La présente contribution est organisée autour de cinq chapitres.

Le chapitre 1 dresse l’état du cadre monétaire de la Communauté économique des Etats de l’Afrique de l’Ouest. Le but est de chercher à appréhender les raisons monétaires (puisque c’est de la monnaie dont il est question avant tout) qui poussent les Etats membres de la CEDEAO non seulement à abandonner les orientations monétaires qu’ils suivaient jusque-là mais surtout à vouloir lier leur destin monétaire dans une union. Pour atteindre ce but, les trajectoires monétaires suivies respectivement par les pays sont retracées et analysées. Le constat révèle deux types d’expériences monétaires présentant chacune une faiblesse majeure. L’expérience d’Union monétaire suivie par les pays de la zone franc CFA est limitée par la déconnexion du franc CFA par rapport aux fondamentaux des économies des Etats membres du fait de son arrimage à l’euro ; la zone souffre également de l’image de vestige de la colonisation qui lui colle à la peau. Quant à l’expérience d’autonomie monétaire des pays non membres de la zone franc, elle souffre du manque de crédibilité des politiques monétaires, conséquence de l’absence d’indépendance des autorités monétaires vis-à-vis des gouvernements. S’agissant du bilan de la coopération monétaire régionale, il révèle un espace monétaire fortement balkanisé et cloisonné (à cause de l’inconvertibilité des monnaies des pays à autonomie monétaire) entravant les objectifs d’intégration économique et commerciale visés par la Communauté. Et les moyens employés jusque-là pour contourner l’obstacle monétaire – notamment la Chambre de compensation, le chèque de voyage,… – se sont avérés inefficaces.
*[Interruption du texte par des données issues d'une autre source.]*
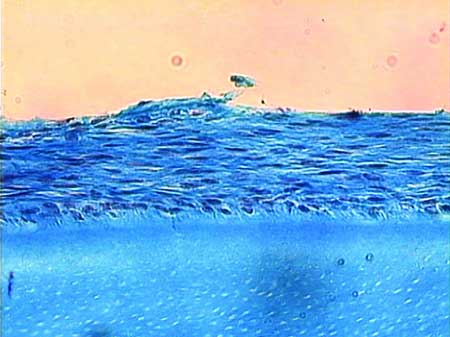 Figura 1 Grupo I - Suero fisiológico. Disposición paralela a la superficie radicular de las fibras del remaneciente del ligamento periodontal en toda la extensión de la raíz. Tricromio de Masson. Aumento original 400X.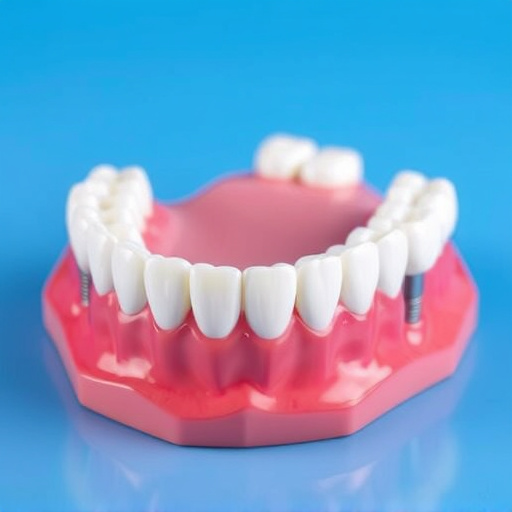 implant dentures
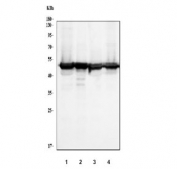 Western blot testing of human 1) 293T, 2) A431, 3) HepG2 and 4) Raji cell lysate with Regulator of Chromosome Condensation antibody. Predicted molecular weight ~45 kDa.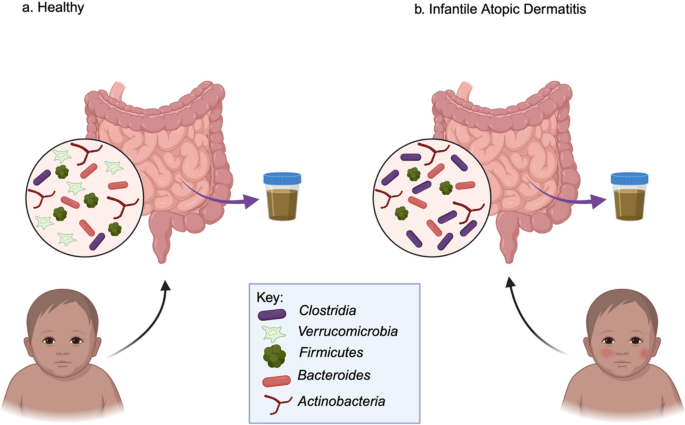 Understanding Infantile Atopic Dermatitis: A Review of Environmental, Familial, Genetic and Microbial Influences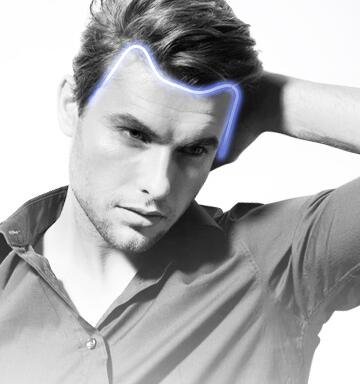 男性脱发治疗方法 详解不同情况脱发的治疗方法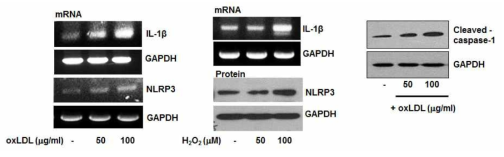 혈관세포에서 NLRP3 inflammasome 활성화 분석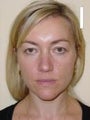 Eyelid Surgery
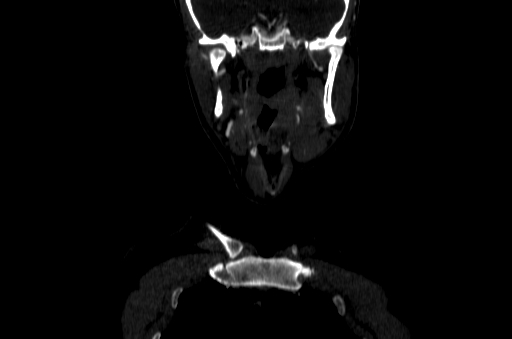 File:Carotid bulb pseudoaneurysm (Radiopaedia 57670-64616 D 1).jpg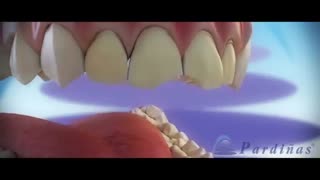 ونیر | کلینیک دندانپزشکی تاج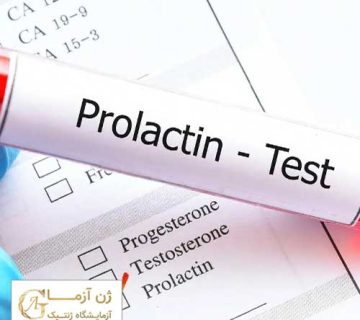 آزمایش پرولاکتین خون چیست
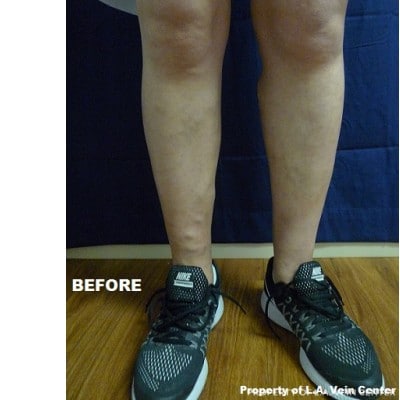 Before Image: Phlebectomy - front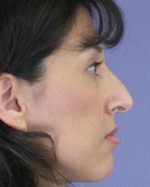 Nose Reshaping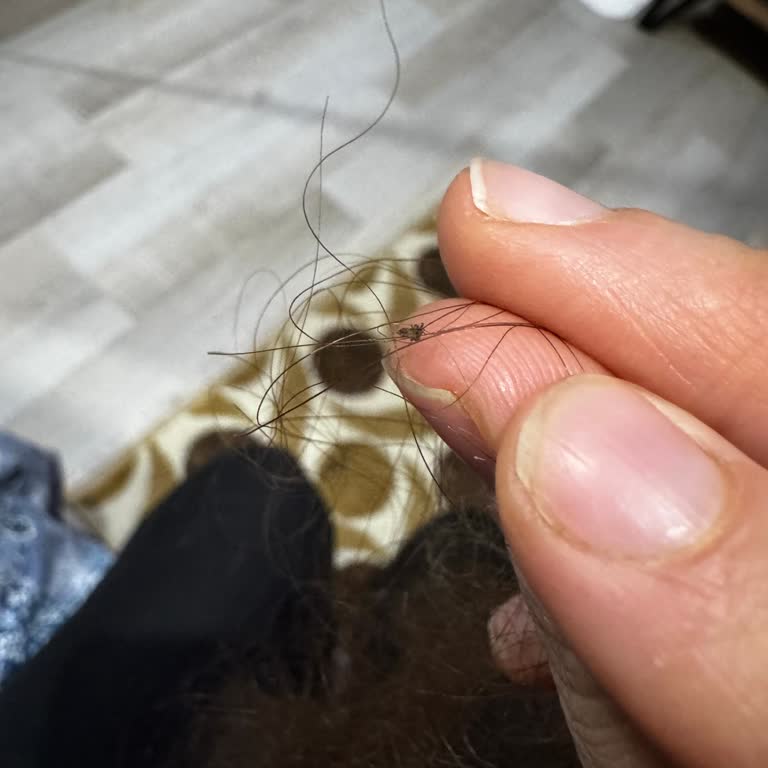 Uni Baby Saç Açıcı Sprey Sonrası Tüm Ailede Bitlenme Ve Mağduriyet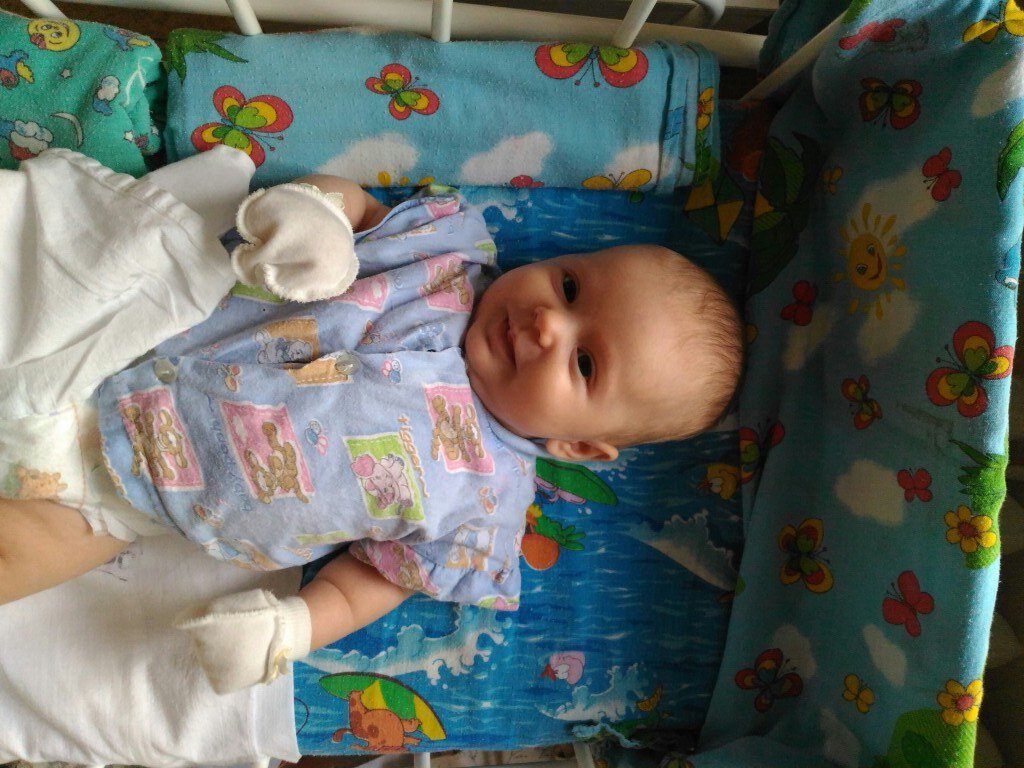 Улыбашка в патологии новорождённых. Фото: личный архив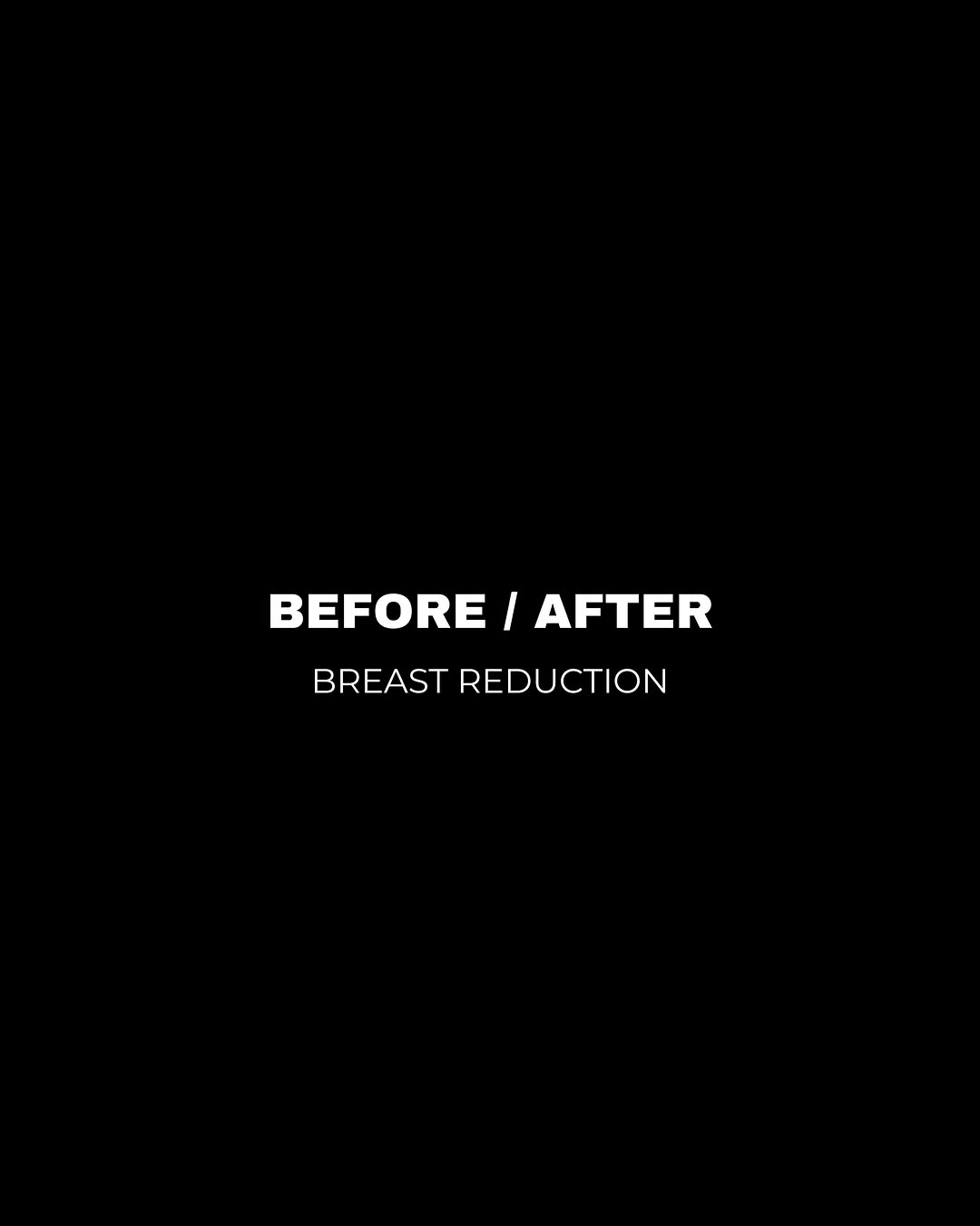 Instagram post by Dr. Stephan Baker: Procedure: Breast Reduction Age: 64 Tissue removed: L 461 g and R 416 g After photos taken 4 months after surgery A beautiful example of how…
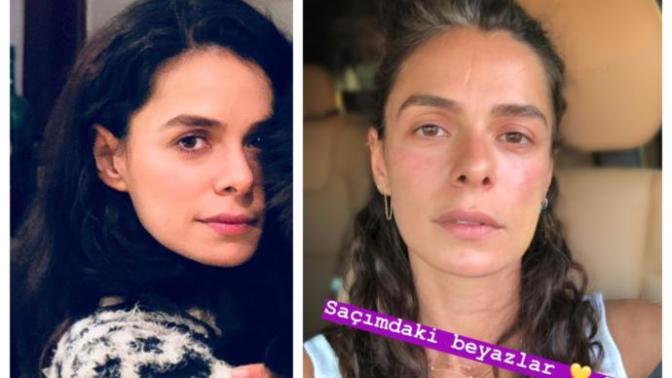 Özge Özpirinçci, saçındaki beyazlarını paylaştı! Sizce doğallık işini biraz abarttı mı?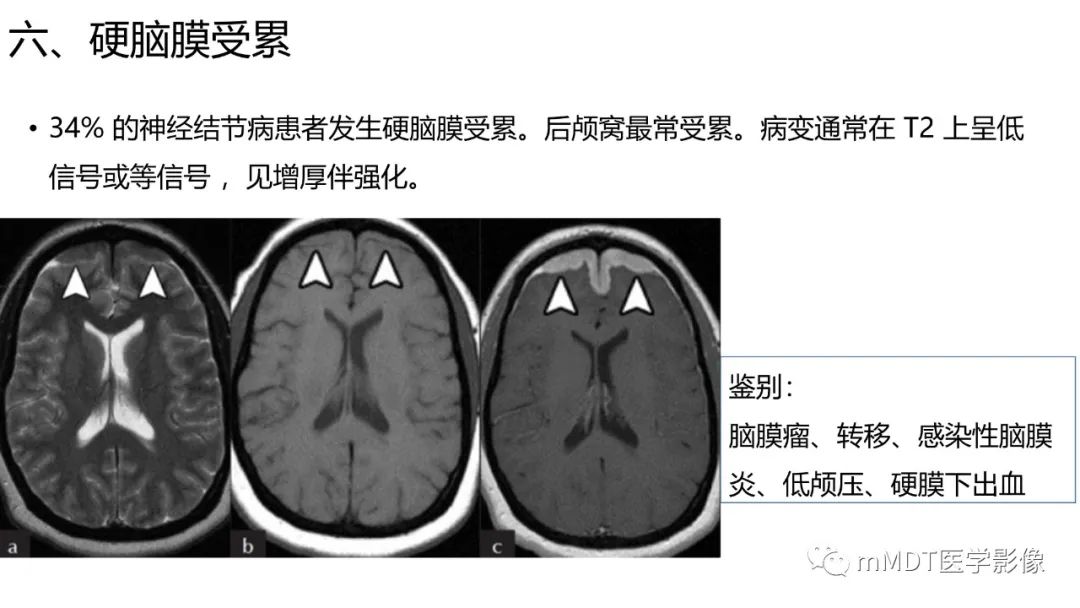 影像PPT - 【PPT】双侧海绵窦结节病—神经结节病综述-31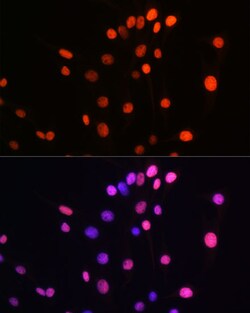 ABclonal Technology Phospho-Histone H2AX-S139 Rabbit mAb 100 L, Quantity:
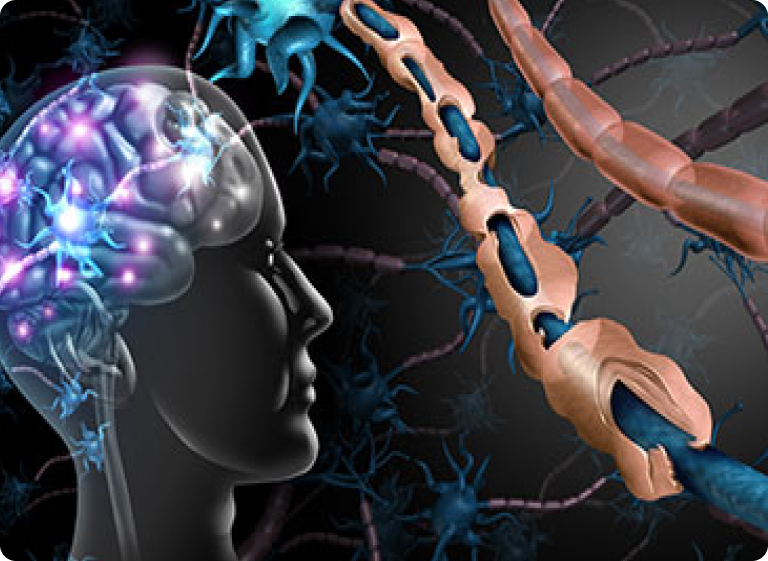 Demyelinating Diseases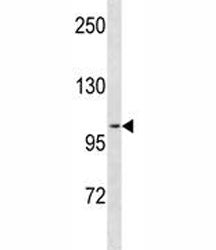 Progesterone Receptor Antibody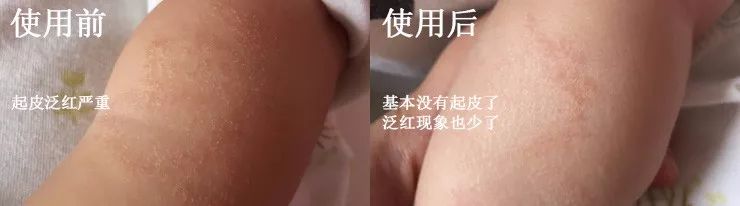 告别秋冬干燥肌肤,告别小糙脸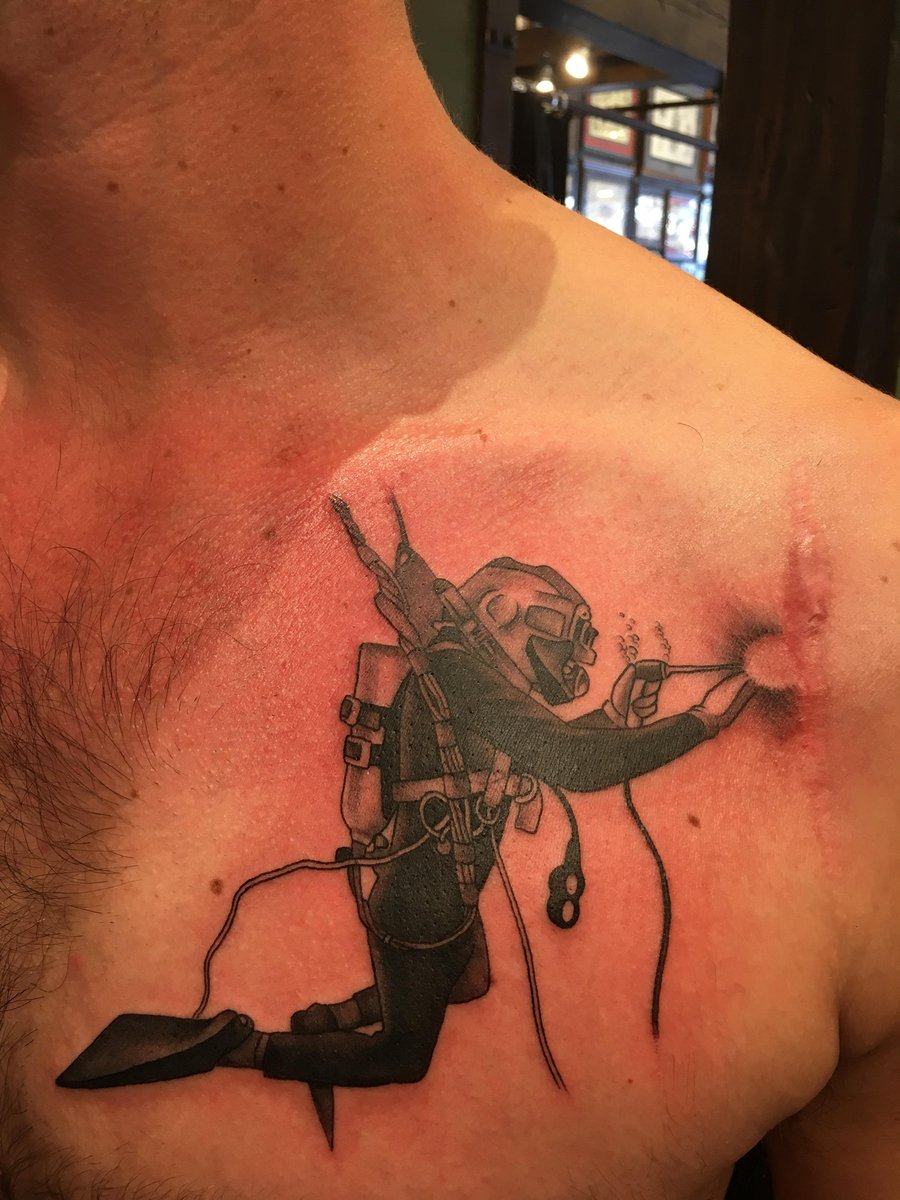 Photo of the tattoo titled Transforming Scar into Art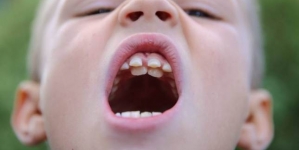 A kid is developing an extra set of natural teeth – named as ‘Jaws’ by friends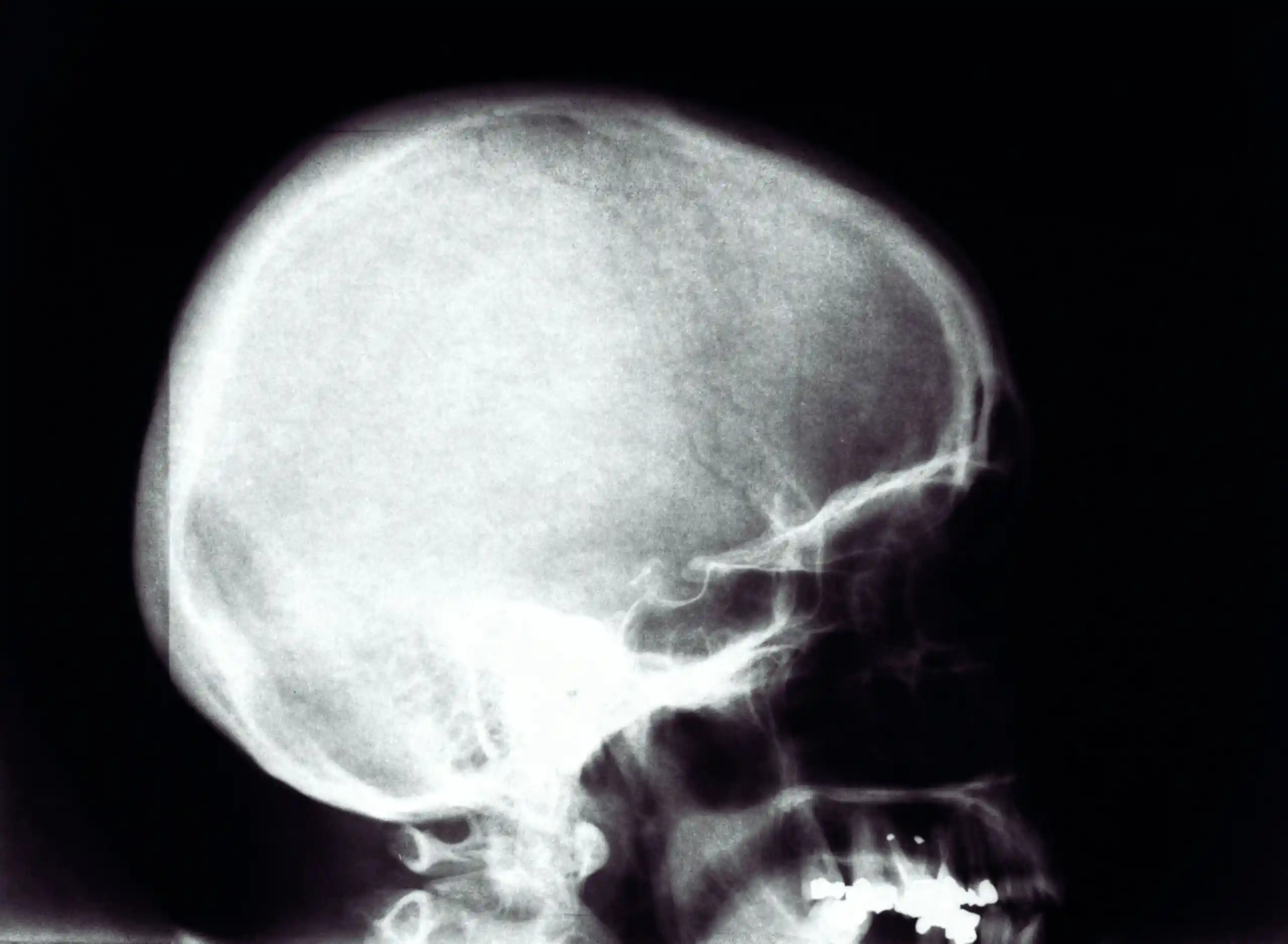 newington-spine-and-joint-concussion-subtypes
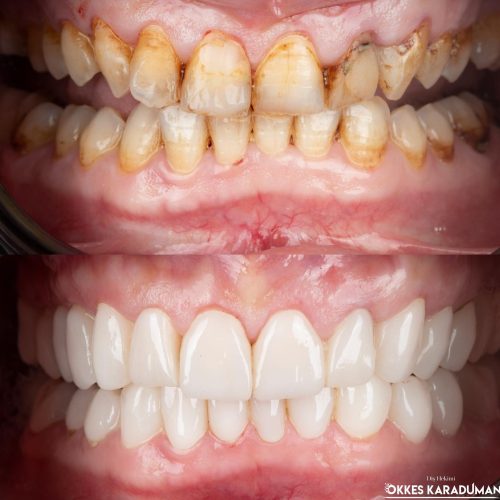 dt.karaduman_1711473552_3332404144989274174_1183031340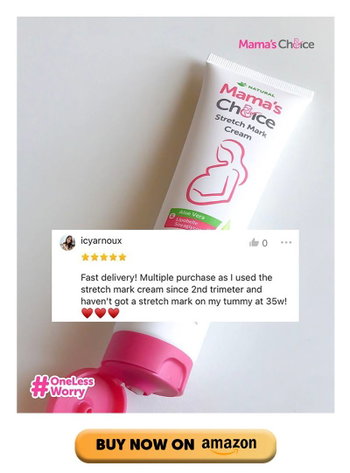 best-stretch-mark-cream-amazon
Le chapitre 2 tente de dégager les avantages que l’Afrique de l’Ouest pourrait tirer de l’adoption d’une monnaie unique régionale. Habituellement, cet exercice consiste à évaluer les gains résultant de la réduction des coûts de transaction liés au change et de la suppression du risque de volatilité des taux de change. Sur ces deux plans, les bénéfices théoriques à attendre se sont révélés faibles, compte tenu du faible degré d’intégration commerciale au départ. Cependant, la prise en compte d’un certain nombre de facteurs, notamment la complémentarité climatique (facteur de spécialisation) et la suppression des barrières tarifaires et non tarifaires (pour favoriser l’émergence d’un marché commun régional), laisse penser que l’intégration monétaire pourrait avoir un effet positif sur le commerce intra-régional. Mais c’est surtout dans l’accélération et l’approfondissement du processus d’intégration régionale que ce projet de monnaie unique trouve sa principale justification. En effet, l’étroitesse des marchés domestiques et l’instabilité politique et macroéconomique constituent les principaux freins au développement de l’Afrique de l’Ouest. Sa capacité à aplanir ces obstacles compense largement les faibles gains directs. Enfin, afin d’apprécier le degré de réalisme de l’espoir fondé dans ce projet, l’histoire des unions monétaires est interrogée. Les résultats fournis par les expériences analysées n’apportent pas une réponse tranchée (compte tenu de leur diversité), mais permettent néanmoins de discerner les facteurs de réussite et les causes d’échec des unions monétaires.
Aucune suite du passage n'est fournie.